I’m sure adoptive parents want to know. What does adoption look like in chapter ten? Will I make it that far?

When Ania came ‘home’, she had an intense fear of everything. At the top of the list was the great outdoors. With patience and tiny bits of progress, creek walking, hiking through the woods, swimming, skiing and tow eye surgeries- Ania’s perspective began to change.


One afternoon, Ania and I watched the Temple Grandin movie, an amazing woman with autism who sees the world in pictures. When the movie ended, Ania declared, “I see the world in pictures, don’t you mom?”

Adoption is a story that can lead to security. Security bashes survival mode over the head and allows the child to relax and pursue their bent, discover their gifts and discover themselves.

Ania had never been comfortable on the receiving end of the camera so we bought her one so she could see life through the other side of the lens. Amazing things began to happen. Two of the things that had been at the top of Ania’s fear factor list became her favorite pastimes: the camera and the outdoors.


She began to spend hours outside with her camera in tow, wandering further and further into the woods, slithering on her belly for a good shot, waiting for hours for the right light, chasing her brother down stream while he kayaked, aiming for that perfect action shot- water suspended in the air, his face all focus, arm muscles bulging, his paddles -wings, riding the air.

Adoption stories are like that. They give children the chance to soar. The future of adoption gives children a chapter of security, a chance to overcome and then to build upon a new foundation of health, healing and discovery.

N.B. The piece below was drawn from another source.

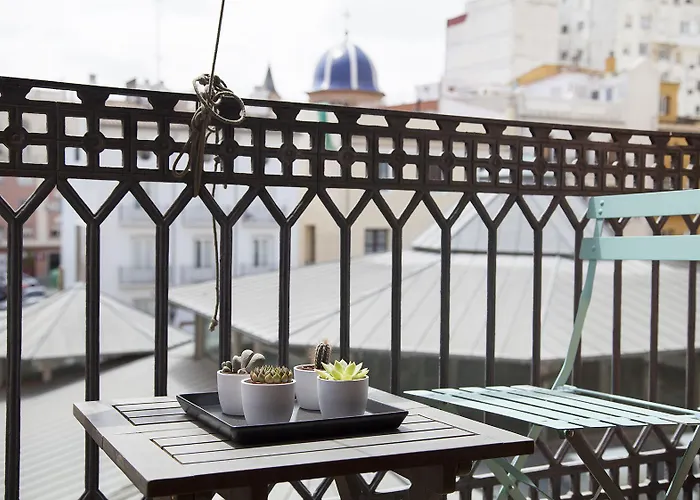 Apartment Bubuflats Bubu 4 *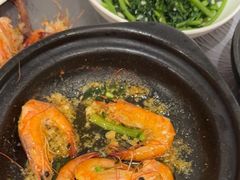 -小时候焗海鲜(鄞州万达店)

This isn’t to say that every adopted child will discover (in chapter ten) that they have some remarkable gift that they will discover (miraculously) overnight. No, Ania had years of trial and error. Art Classes. Science fairs. Public speaking (yikes-no!). Writing courses.

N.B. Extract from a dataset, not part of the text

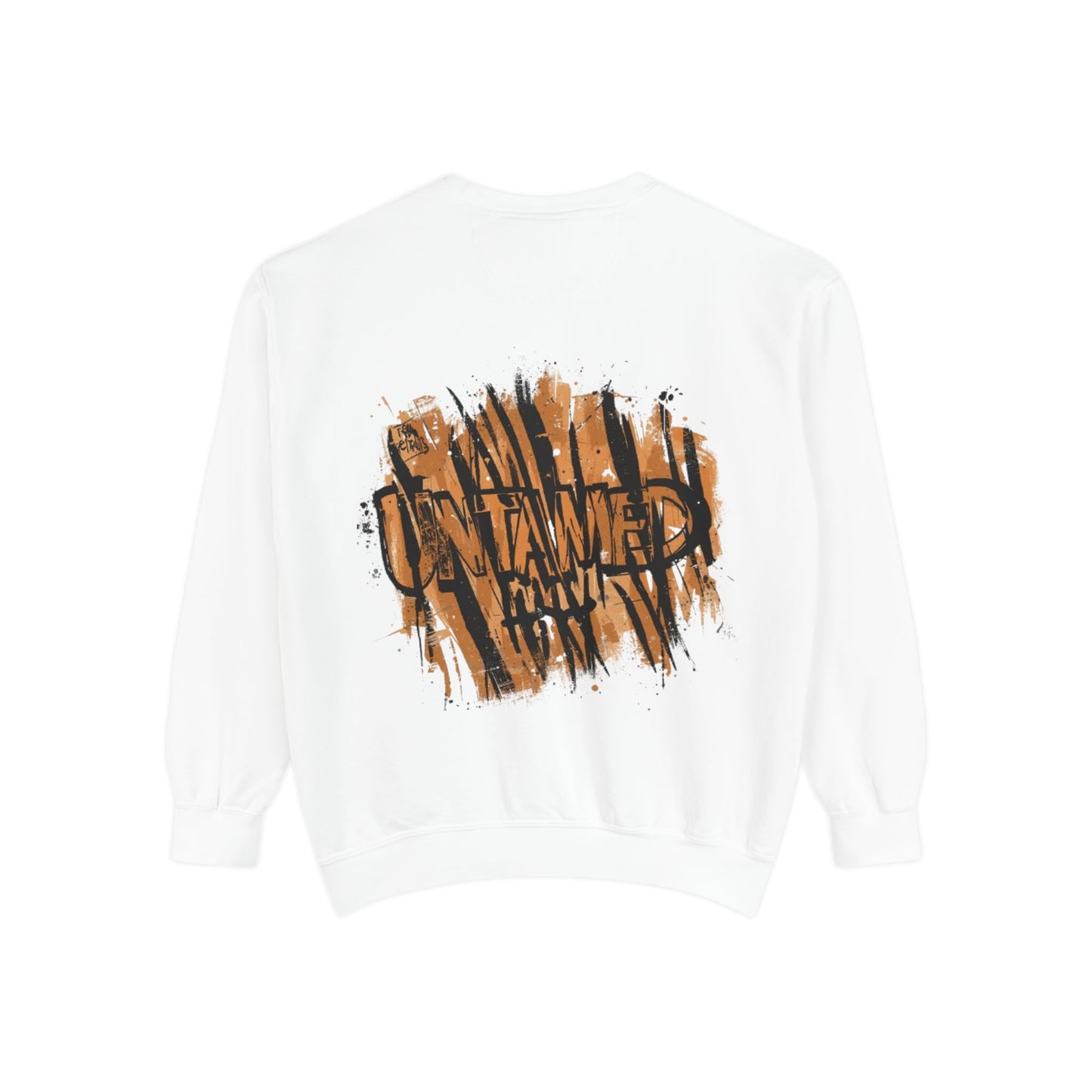 Tigris Untamed Sweatshirt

The  point is- adoption gave Ania a future that she wouldn’t otherwise have. What does chapter ten in the adoption story look like? A hope. A future. A plot change.

For I know the thoughts and plans that I have for you, says the Lord, thoughts and plans for welfare and peace and not for evil, to give you hope in your final outcome.- Jeremiah 29:11


When a child has been freed from the captivity of neglect, abuse and abandonment he has a hope of a future. He has a an awesome chapter coming. When a birth mother chooses adoption, that child has-not the evil of abortion- plans for welfare and peace in a family. And these are my favorite sorts of adoption stories.

You can read more about Ania’s future here.

*All photos taken by Ania

The Adoption Story

Every powerful fairy tale begins with ‘once upon a time’ and ends with ‘and they lived happily ever after’and every one of our stories lies into between those phrases. The part of the story we tend to ignore is what the bit that happened before once upon a time. The story of adoption begins before the foundation of the world, before the once, before the clock ticked and the years began their countdown to Christ.
We usually read the bible account of Creation and assume it is the beginning.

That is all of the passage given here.